Description of the task: Your task is to transcribe all of the records exactly and leave out the pictures.

Dataset content:

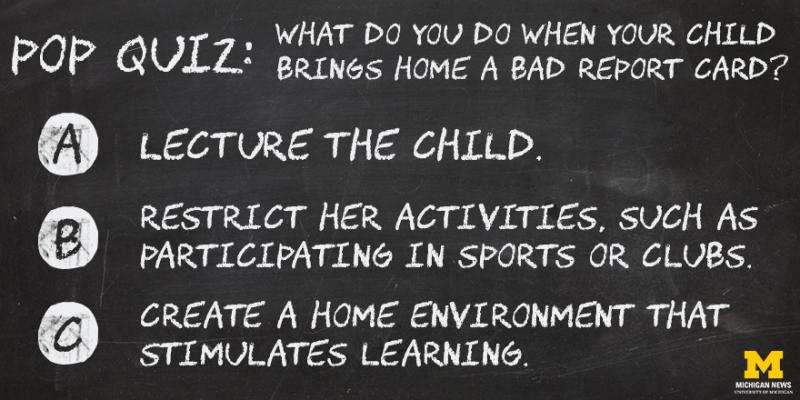 What do you do when your child brings home a bad report card?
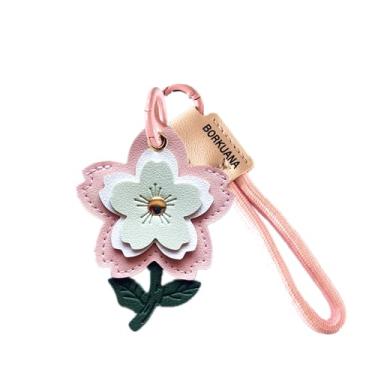 Imagem de Capa de couro compatível com AirTag, linda capa protetora com chaveiro e cordão, antiarranhões e rastreador GPS para chaves, bolsa, animais de estimação (Sakura B)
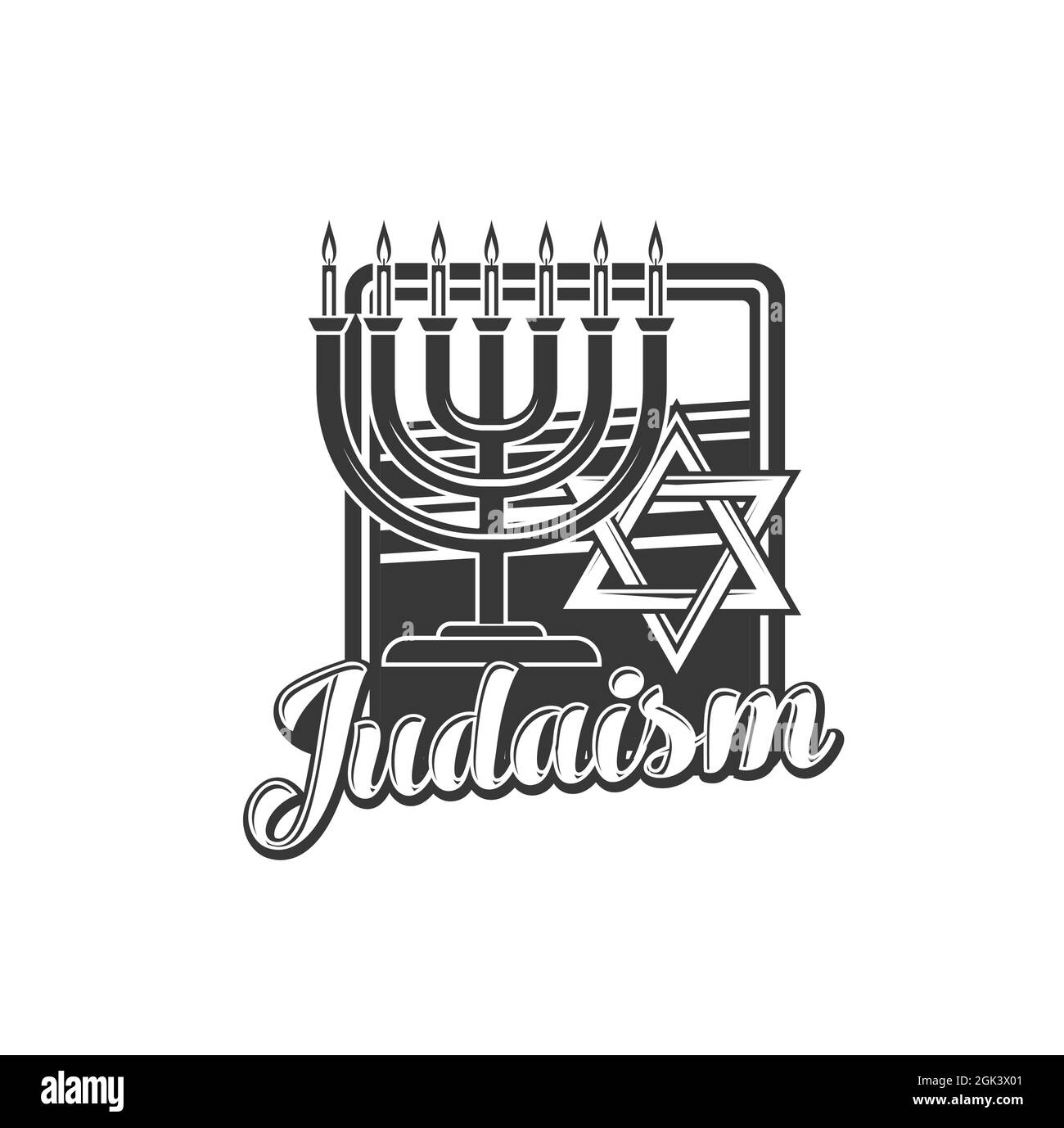 Symbole du vecteur de religion judaïsme avec la menorah juive et l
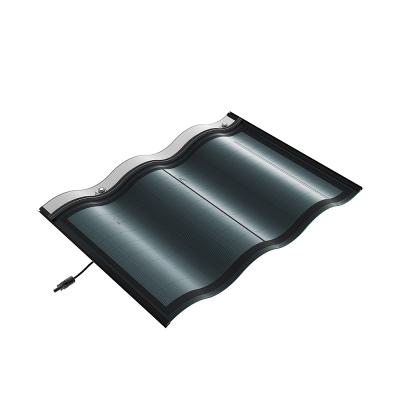 China Hanergy CUPS 12V 30W Current Fast Shipping Portable Glass Home Curved Roof Tiles Solar Photovoltaic Solar Panel Roof Tile for sale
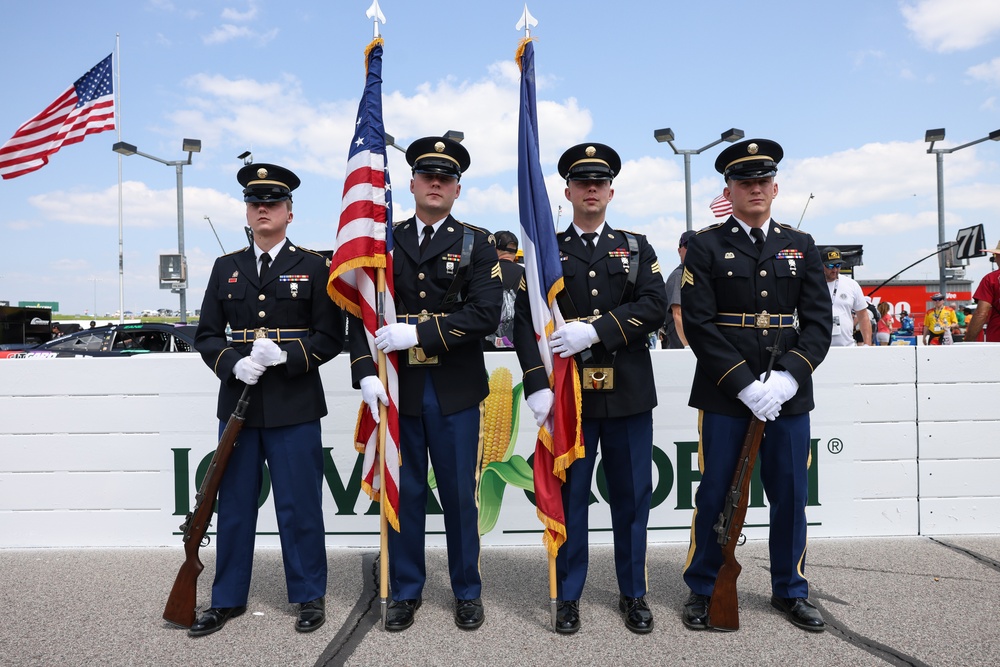 Iowa National Guard honor guard at Iowa Corn 350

Problem solution:
 What do you do when your child brings home a bad report card?
 Imagem de Capa de couro compatível com AirTag, linda capa protetora com chaveiro e cordão, antiarranhões e rastreador GPS para chaves, bolsa, animais de estimação (Sakura B)
 Symbole du vecteur de religion judaïsme avec la menorah juive et l
 China Hanergy CUPS 12V 30W Current Fast Shipping Portable Glass Home Curved Roof Tiles Solar Photovoltaic Solar Panel Roof Tile for sale
 Iowa National Guard honor guard at Iowa Corn 350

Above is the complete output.